Search code examples
azure-data-lake-gen2

How to remedy a data conversion error in Azure Synapse Analytics when reading CSV a file


I've been following an Azure analytics tutorial and I'm trying to ingest a CSV file into an Azure Analytics Workspace. But when I try to group by a column in the SQL it throws an error. The SQL is this:

-- This is auto-generated code
SELECT
    TOP 100 *
FROM
    OPENROWSET(
        BULK 'https://daveslakestore.dfs.core.windows.net/daves-fs/products.csv',
        FORMAT = 'CSV',
        PARSER_VERSION = '2.0',
        HEADER_ROW = TRUE
    ) AS [result];

and the error generated is:

potential conversion error while reading VARCHAR column 'ProductName' from UTF8 encoded text. Change database collation to a UTF8 collation or specify explicit column schema in WITH clause and assign UTF8 collation to VARCHAR columns [etc]...

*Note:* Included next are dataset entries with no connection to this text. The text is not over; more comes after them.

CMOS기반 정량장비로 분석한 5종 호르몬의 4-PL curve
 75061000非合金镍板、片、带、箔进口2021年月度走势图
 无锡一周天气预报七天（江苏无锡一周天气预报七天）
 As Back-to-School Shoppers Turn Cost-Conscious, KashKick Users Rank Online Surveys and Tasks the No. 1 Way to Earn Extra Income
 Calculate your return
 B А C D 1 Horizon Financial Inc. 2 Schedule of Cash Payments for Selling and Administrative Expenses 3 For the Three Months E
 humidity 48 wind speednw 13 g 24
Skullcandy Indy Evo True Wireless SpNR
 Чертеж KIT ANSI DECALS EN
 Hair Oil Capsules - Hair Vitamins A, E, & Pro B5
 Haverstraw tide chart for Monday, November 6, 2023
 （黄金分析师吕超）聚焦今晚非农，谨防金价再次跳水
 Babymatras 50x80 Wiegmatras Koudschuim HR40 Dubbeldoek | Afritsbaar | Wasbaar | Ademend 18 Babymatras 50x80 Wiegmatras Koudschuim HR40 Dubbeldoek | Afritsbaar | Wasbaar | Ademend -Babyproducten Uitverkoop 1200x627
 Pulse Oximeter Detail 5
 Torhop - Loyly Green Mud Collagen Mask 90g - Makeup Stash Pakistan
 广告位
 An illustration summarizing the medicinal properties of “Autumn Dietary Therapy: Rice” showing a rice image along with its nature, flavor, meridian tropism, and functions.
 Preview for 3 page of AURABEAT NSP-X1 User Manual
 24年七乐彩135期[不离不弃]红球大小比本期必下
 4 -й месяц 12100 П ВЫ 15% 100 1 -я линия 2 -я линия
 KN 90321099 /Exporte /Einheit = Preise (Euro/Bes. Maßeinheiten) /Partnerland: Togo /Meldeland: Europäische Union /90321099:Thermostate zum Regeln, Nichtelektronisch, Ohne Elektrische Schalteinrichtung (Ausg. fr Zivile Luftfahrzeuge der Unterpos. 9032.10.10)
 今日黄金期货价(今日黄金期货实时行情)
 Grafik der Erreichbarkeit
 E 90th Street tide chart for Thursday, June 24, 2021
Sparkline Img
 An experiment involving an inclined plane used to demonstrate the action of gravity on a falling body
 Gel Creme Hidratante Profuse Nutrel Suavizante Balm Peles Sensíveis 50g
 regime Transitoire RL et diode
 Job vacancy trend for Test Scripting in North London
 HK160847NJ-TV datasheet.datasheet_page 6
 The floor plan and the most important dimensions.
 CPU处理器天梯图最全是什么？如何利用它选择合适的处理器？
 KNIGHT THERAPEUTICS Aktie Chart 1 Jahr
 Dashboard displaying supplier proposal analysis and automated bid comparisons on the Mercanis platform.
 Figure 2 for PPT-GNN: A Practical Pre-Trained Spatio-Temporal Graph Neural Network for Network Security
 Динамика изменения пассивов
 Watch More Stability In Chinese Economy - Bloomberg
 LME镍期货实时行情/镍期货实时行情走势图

I've determined the collation by executing:

SELECT DATABASEPROPERTYEX(DB_NAME(), 'Collation') AS Collation;

which returns 'SQL_Latin1_General_CP1_CI_AS'

I assume this should be UTF-8 not Latin and Googling suggests this is a known error that requires me to alter the collation, but I have been unable to see how. I've tried without success to do the SQL below but I don't know what my database name is, or even if this is the right strategy?:

USE master;  
GO

ALTER DATABASE MyOptionsTest  
    COLLATE Latin1_General_100_BIN2_UTF8 ;   --?
GO  
  
SELECT name, collation_name  
FROM sys.databases  
WHERE name = N'MyOptionsTest';  —what should this really be?
GO  

Solution

  • Your file probably hasn't a header row in Synapse. First see the columns:

    -- This is auto-generated code
    SELECT
        TOP 100 *
    FROM
        OPENROWSET(
            BULK 'https://daveslakestore.dfs.core.windows.net/daves-fs/products.csv',
            FORMAT = 'CSV',
            PARSER_VERSION = '2.0'
        ) AS [result]
    

    and give name to columns that you need:

    -- This is auto-generated code
    SELECT
        TOP 100 *
    FROM
        OPENROWSET(
            BULK 'https://daveslakestore.dfs.core.windows.net/daves-fs/products.csv',
            FORMAT = 'CSV',
            PARSER_VERSION = '2.0'
        ) 
    WITH(
        columnname1 INT 2,            --2nd column
        columnname2 VARCHAR(50) 5,    --5nd column
        columnname3 VARCHAR(50) 10    --10th column
    )AS [result]
    

    If you want to view with column header, don't change your code. Just go to file in synapse, right click-> preview-> with column header -ON -> OK.

    enter image description here